求助，WA第4个点

#include<cstdio>
#include<algorithm>
#include<cstring>
using namespace std;
const int N = 1010;
const int M = N << 1;
const int K = 27;
struct str {
    char c[K];
    int L;
};
str a[N];
int di[M], ne[M], fi[N], ans[N], ru[K], chu[K], k, l, s, n;
bool v[N], e[K];
inline void re_l(int i)//输入
{
    char c = getchar();
    for (; c < 'a' || c > 'z'; c = getchar());
    for (; c >= 'a' && c <= 'z'; c = getchar())
        a[i].c[a[i].L++] = c;
}
inline int minn(int x, int y) { return x < y ? x : y; }
bool comp(str x, str y)//sort的比较函数，按字典序排序字符串
{
    int i, k = minn(x.L, y.L);
    for (i = 0; i < k; i++)
        if (x.c[i] ^ y.c[i])
            return x.c[i] < y.c[i];
    return x.L < y.L;
}
inline void add(int x, int y) { di[++l] = y; ne[l] = fi[x]; fi[x] = l; }//加边
inline int chg(char c) { return c - 'a' + 1; }//字符转换为数字
inline int jd(int x) { return x < 0 ? -x : x; }//绝对值
void dfs_1(int x)//判断所有点是否在同一连通块
{
    s++; v[x] = 1;
    int i, y;
    for (i = fi[x]; i; i = ne[i])
        if (!v[y = di[i]])
            dfs_1(y);
}
void dfs_2(int x)//递归求解
{
    for (int i = 1; i <= n; i++)
        if (chg(a[i].c[0]) == x && !v[i])
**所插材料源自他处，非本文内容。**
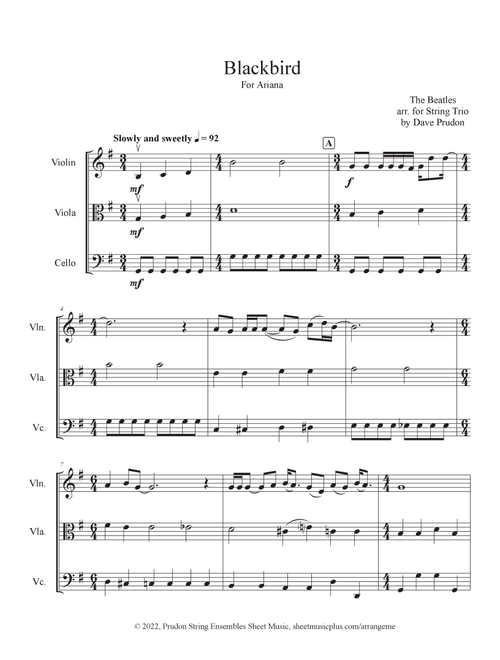 Blackbird (Arr. Dave Prudon) - The Beatles (String Ensemble)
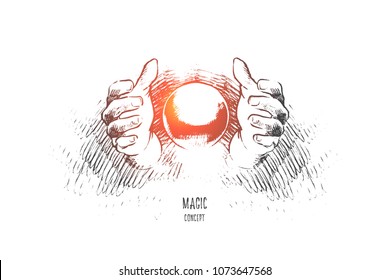 Magic concept. Hand drawn magic trick with hands and ball. Hands of illusionist doing miracle isolated vector illustration.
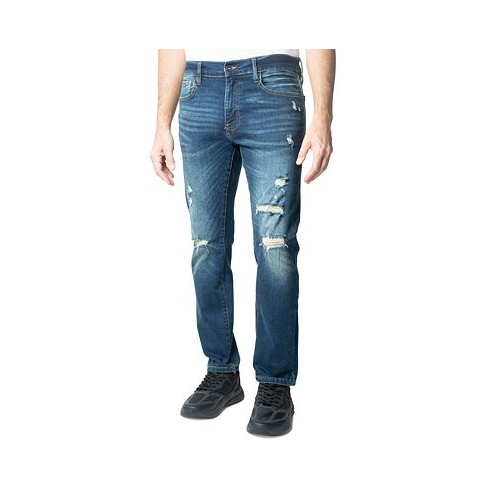 Lazer Mens Skinny-Fit Five-Pocket Patch Jeans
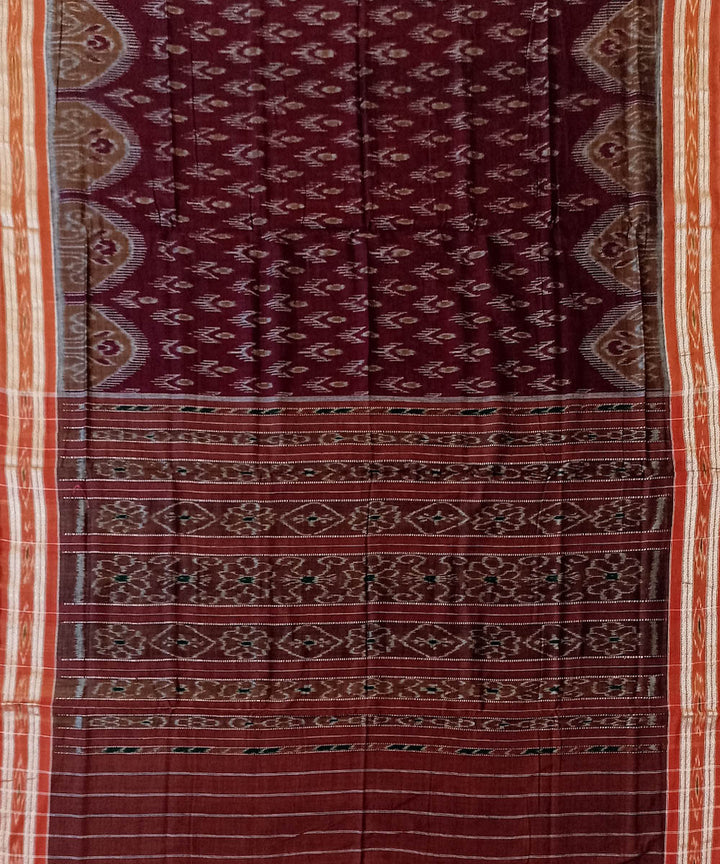 Maroon brown cotton handwoven nuapatna saree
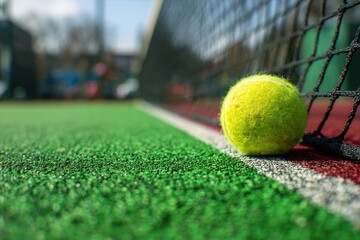 Tennis ball rests near net on green court surface close up.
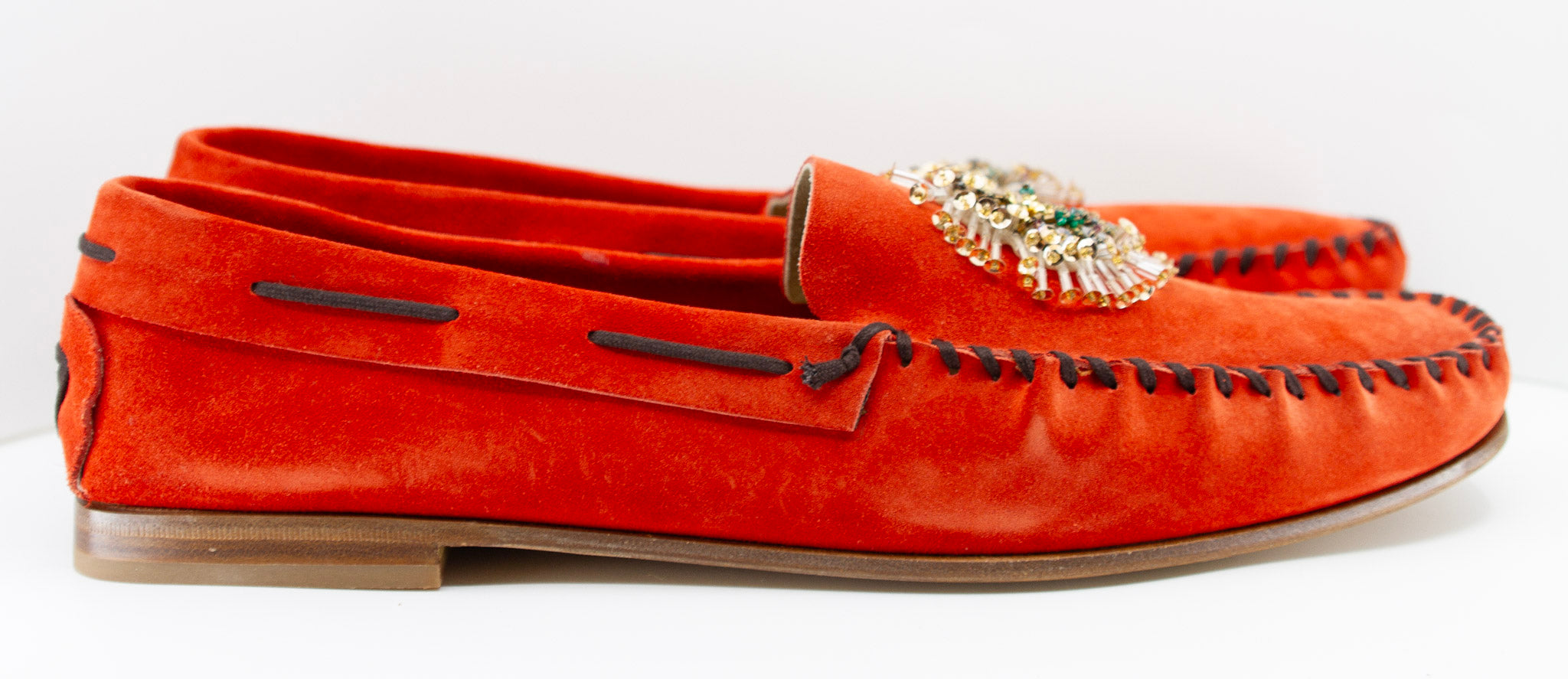 PRADA, vermilion, suede, loafers with beaded embellishments and leather soles, Estate of André Leon Talley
            v[i] = 1, dfs_2(chg(a[i].c[a[i].L - 1])), ans[++k] = i;
}
int main()
{
    int i, j = 0, x, y, o = K;
    scanf("%d", &n);
    for (i = 1; i <= n; i++)
        re_l(i);
    sort(a + 1, a + n + 1, comp);
    for (i = 1; i <= n; i++)
    {
        ru[y = chg(a[i].c[a[i].L - 1])]++; chu[x = chg(a[i].c[0])]++;//入度出度+1
        add(x, y); add(y, x);
        o = minn(o, minn(x, y));//记录所有点里字典序最小的那个
        if (!e[x])//记录出现点的种类
            e[x] = 1, j++;
        if (!e[y])
            e[y] = 1, j++;
    }
    dfs_1(1);
    if (s ^ j)//如果不是全在同一连通块则判无解
        return printf("***"), 0;
    for (s = 0, i = 1; i < K; i++)//判断是否是欧拉路或欧拉回路
    {
        if (jd(ru[i] - chu[i]) > 1)
            return printf("***"), 0;
        if (jd(ru[i] - chu[i]) == 1)
            s++;
        if (chu[i] - ru[i] == 1)//欧拉路的起点
            x = i;
    }
    if (s && s ^ 2)
        return printf("***"), 0;
    memset(v, 0, sizeof(v));
    s ^ 2 ? dfs_2(o) : dfs_2(x);//如果是欧拉回路，那么从最小的那个点进行求解，否则按之前存的起点开始
    for (i = k; i; i--)//倒序输出答案
    {
        for (j = 0; j < a[ans[i]].L; j++)
            putchar(a[ans[i]].c[j]);
        if (i ^ 1)
            putchar('.');
    }
    return 0;
}